Yeah, that’s kind of what happens when you elect a dude who has no freaking idea what he’s doing to the highest office in the land.
Well, my socialist ass is so glad that Newthis wants the senate to resurrect HUAC from its well earned cesspit grave. Can’t wait for Beyonce to get hauled in for public questioning.
hottotrotsky you stole the new page from meeeeeehhhhhh
Silliness aside, Thanksgiving is looking more and more grim for me and my ilk (that is, liberal uni students with red extended family).
Terrifyingly, I have no idea what Donald Trump is doing either.
The one positive aspect I see of the faithless electors issue is that, if they take the election away from Trump, the resulting screams of rage from the white nationalist base will make getting rid of the Electoral Collage a lot easier, even though said Collage is one of the things that has given the white nationalists a lever on power.
The problem, as Falconer and others have said, is that said screams of rage are likely to involve a whole lot of people getting hurt in the process. Also, just taking away the presidency is mostly going to result in more years of obstructionism.
And not only did I misspell ‘College’ twice, but because I run with Javascript disabled, I don’t get an edit button. Arg.
John Oliver‘s final show earlier this week. He’s got some really good suggestions in it.
Troubelle, hugs if you want them. You have dignity and worth. YOU MATTER!! Take the next right step each time.
@Jenora
I get the feeling that that will happen no matter what is done. :/
OT, but does anybody have any suggestions for protecting your privacy online in the face of expanding digital surveillance?
I’m ashamed to admit, I went to sleep on the subject of digital spying, given that it seemed like the G-men were being required to have get warrants and the comm companies weren’t just handing the data over.
Also drones, and extrajudicial executions. I let a lot of stuff slide under Obama, and maybe that makes me part of the problem.
@Eddie
Thanks. I know it’s true, but it can be hard to apply it sometimes.
@hottotrotsky
http://poisonparadise.com/wp-content/uploads/2016/02/formation-4.gif
@Falconer
Pretty straightforward; they were Bernie or Busters who figured that Clinton’s win was safe enough that they could cast protest votes. Now they figure different.
I’ll have to hunt a bit, but I’ve seen a couple good resources on that topic recently.
@falconer : depend vs what you want to protect you. If you’re specifically targeted by actual, competent spies, there’s no way out apart from embracing being a spy too.
If you want to avoid large profiling, the general idea is to lower the amount of breadcrumb you leave behind. Here a bunch of suggestions.
* disable javascripts by default, and put an adblocker. Authorize the javascript of site you trust and/or use a lot, just refuse the one of the random site you look at. Cookie disabling can help too, but I find it much more disruptive.

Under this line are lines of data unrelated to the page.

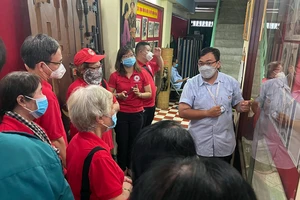 Trần Quang Duy, CEO Công ty cổ phần Dịch vụ Lữ hành Chim Cánh Cụt, dẫn du khách tham quan một điểm đến ở TPHCM
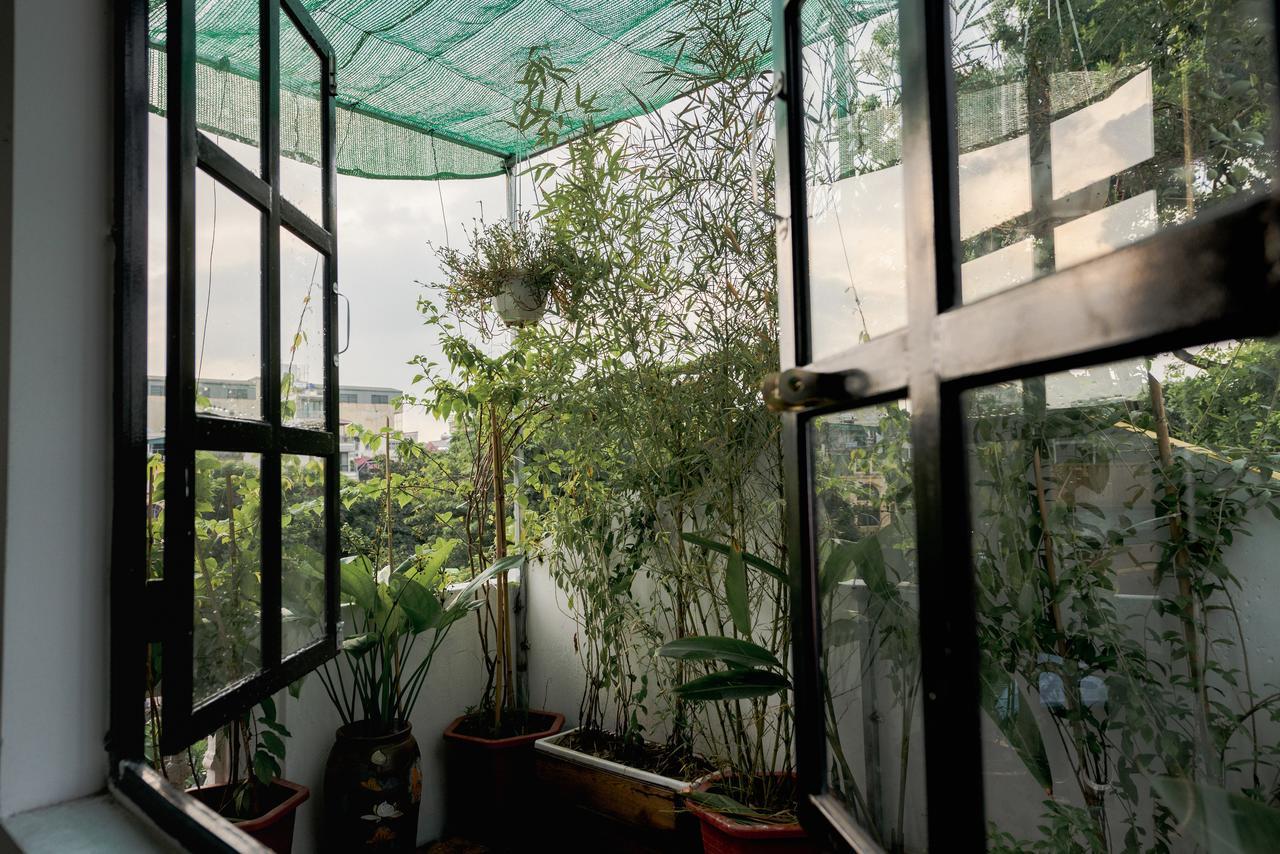 Hover House *
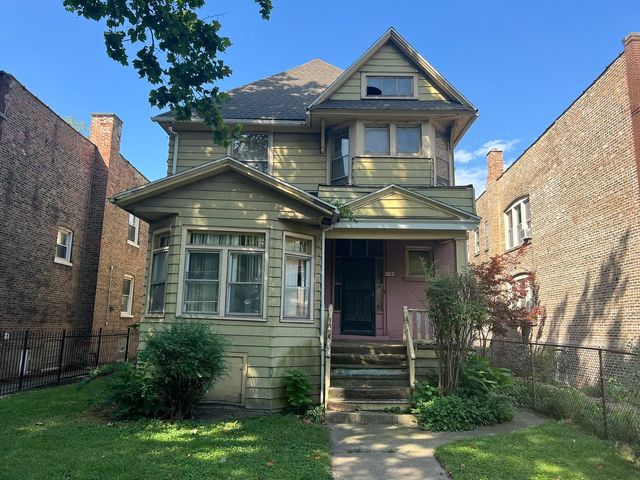 $174,900 | 6834 South Harper Avenue | South Shore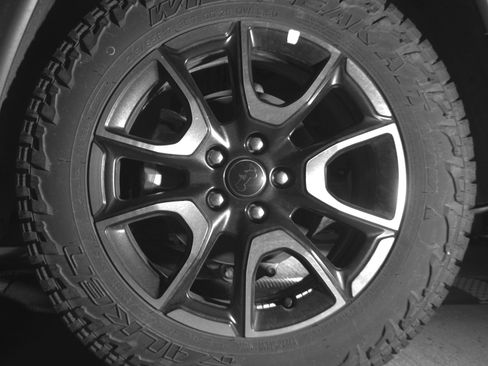 Used 2025 Jeep Compass Trailhawk AWD/4WD image 14
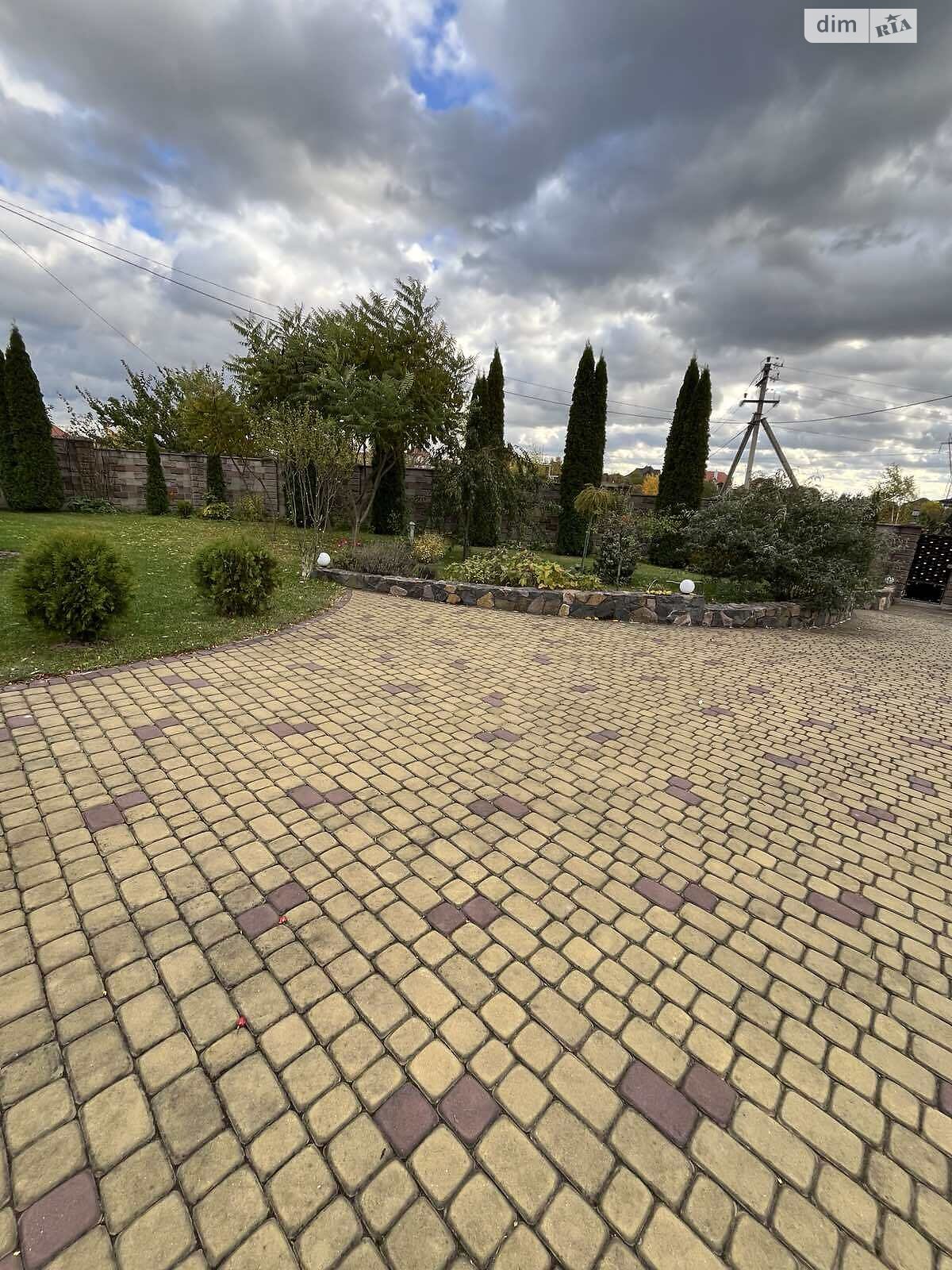 двухэтажный дом с гаражом, 178 кв. м, кирпич. Продажа в Луцке район Дубновский фото 1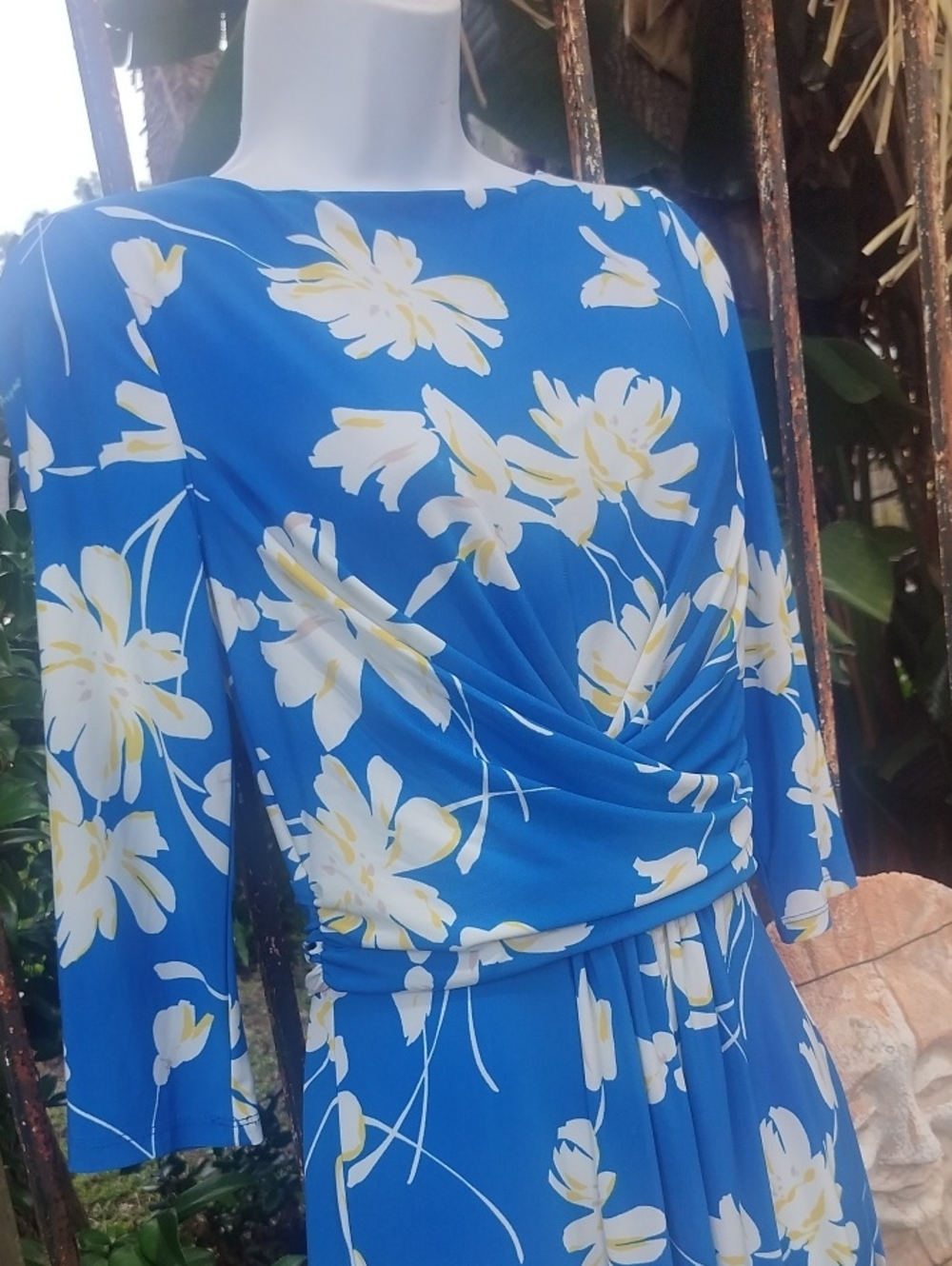 Tommy Hilfiger Bl ue Floral Twist-Waist Women's Dress Size 4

* use separated email for work, family, and friend. You may fragmentize more if you want. Have each in a different email provider. Note that it’s not hard to see through this if one actually try to find your secrets, but it limit automatic detection.
* avoid SMS and email in favor of calling people. Nobody routinely analyze every vocal message, because it’s much more work than analyzing texts.

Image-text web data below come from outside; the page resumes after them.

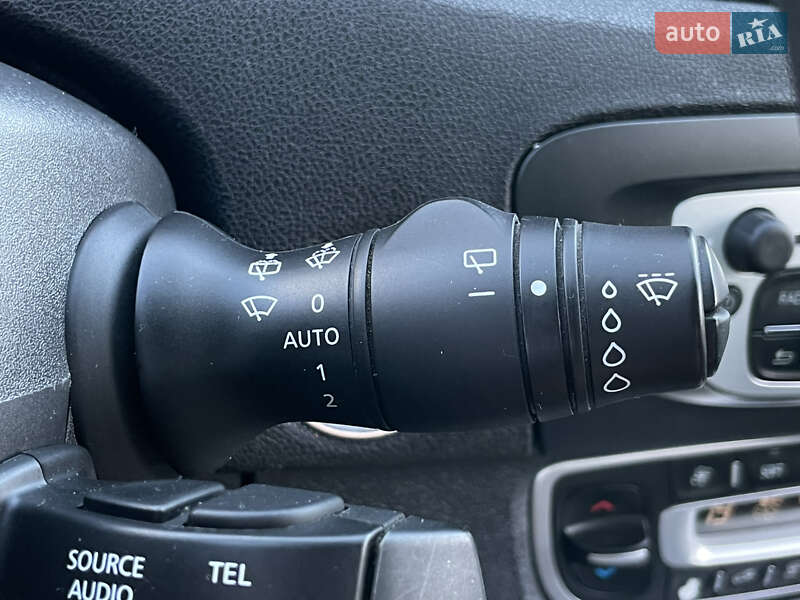 Renault Scenic XMOD 2013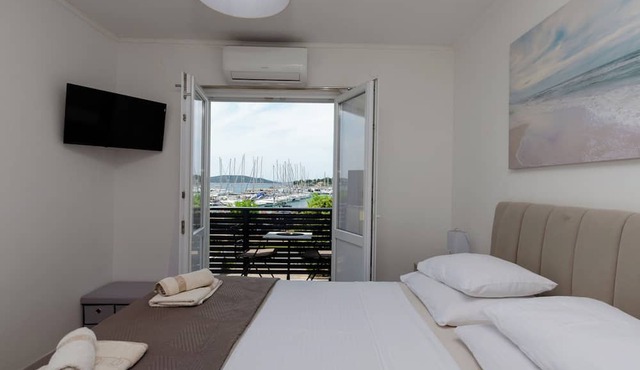 Apartments and Rooms Mare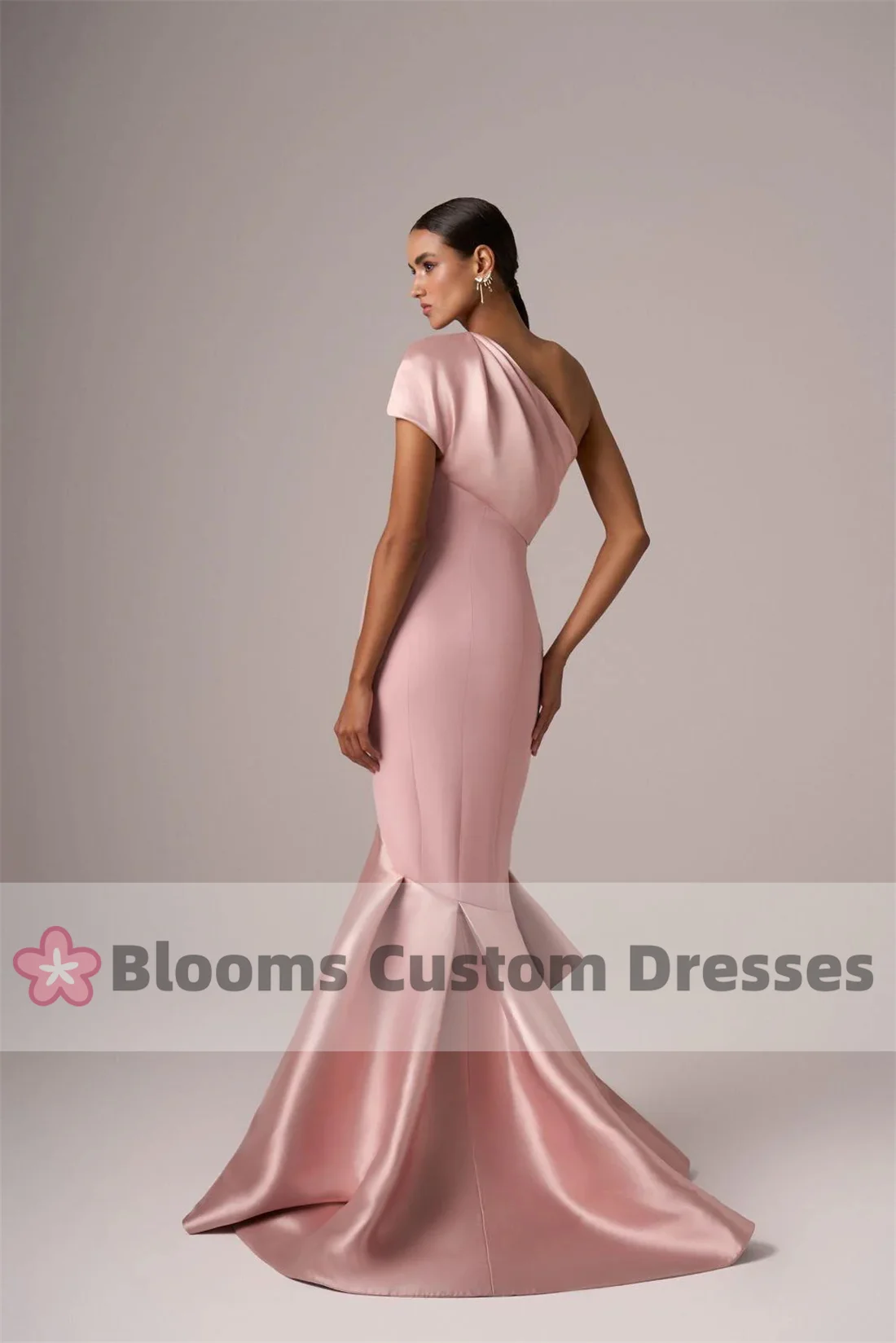 Customized One-shoulder Crepe and Satin Evening Dress 2024 Simple Cocktail Prom Dress Mermaid Modern Elegant Formal Party Gown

* avoid using google connect, facebook connect, twitter connect and the like. Facebook is the most important one, and specifically never going on facebook and blacklisting cookies from facebook is a good idea
* don’t use your phone to go on internet. Mobile visit from sites give a lot of information on who you are, like where you work or who you visit.
A lot of people will also say to use TOR and co, but remember TOR will do jack shit to your privacy if you aren’t super strict with your privacy already, and that’s even a lot harder than my advices.
Thoses advices have been good enough to make targeted ads widely off target on me, which I take as a sign it do protect a bit of privacy. But most importantly, remember to not destroy your own life trying to protect your privacy. You can make tracking you a hassle, but you can’t make it impossible as long as you own a phone.
@Falconer
Using Linux as your operating system is good. I’ve seen networks that didn’t properly recognize Linux.
You can run Tor and even use it as a “live CD” which leaves no fingerprints.
I know there are ways to encrypt your email so that only the receiver can read it.
David Brin posts quite a lot about privacy as an issue, too.
Edit: ninjad by Ohlman. They are right about Tor, you have to be careful with it.
Newt: “Are you now, or have you ever been… blah, blah, blah…?”
Queen Bey: “Get fucked.” (leaves)
@megalibrarygirl : linux and encryption is kind of a higher level privacy stuff. The easiest way by far to track and learn about someone is tracking his internet habit. The trackers for thoses mostly only care about your browser, not your operating system. I love linux and find it easier to use than windows, and more customizable, but the transition period can be harsh.
Also, encrypting everything tend to be a hassle, and to make you a hassle to the people you take to. Isolating oneself because it’s too hard to reach you is counter productive. It’s more what I would advice to a lawyer or a doctor who want his professional files safe.
Then again, maybe Falconer is a bona fide activist, a lawyer, or something like that. In which case I would urge him to ask someone in his field who know about the topic. I am much more specialized in customer tracking. Given the low price of that kind of service, I am pretty sure police use thoses trackers first before asking the big gun of the NSA.
Re the Electoral College: as far as I know, the daydream is that Clinton wins the popular vote (and people stop pretending that Trump isn’t a raging dumpster fire) and therefore a sufficient number of electors decide to vote for Clinton. That would be the ironic democratic-outcome-via-undemocratic-means.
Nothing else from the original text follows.